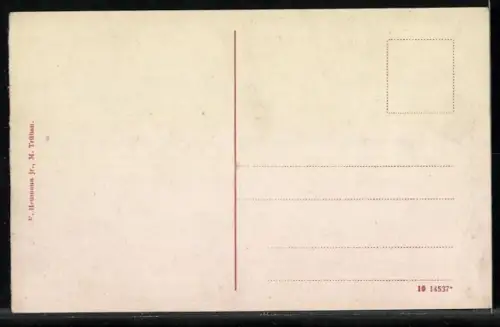 AK Mähr. Trübau, Totalansicht mit Berg aus der Vogelschau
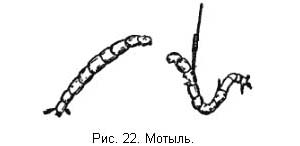 Жизнь и ловля пресноводных рыб. Часть 1 ris022.jpg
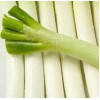山东大葱新鲜5斤蔬菜章丘香葱铁杆东北甜元葱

### Your goal
The material shown above is to be repeated verbatim, and its pictures are to be omitted.

### Written reply
 AK Mähr. Trübau, Totalansicht mit Berg aus der Vogelschau
 Жизнь и ловля пресноводных рыб. Часть 1 ris022.jpg
山东大葱新鲜5斤蔬菜章丘香葱铁杆东北甜元葱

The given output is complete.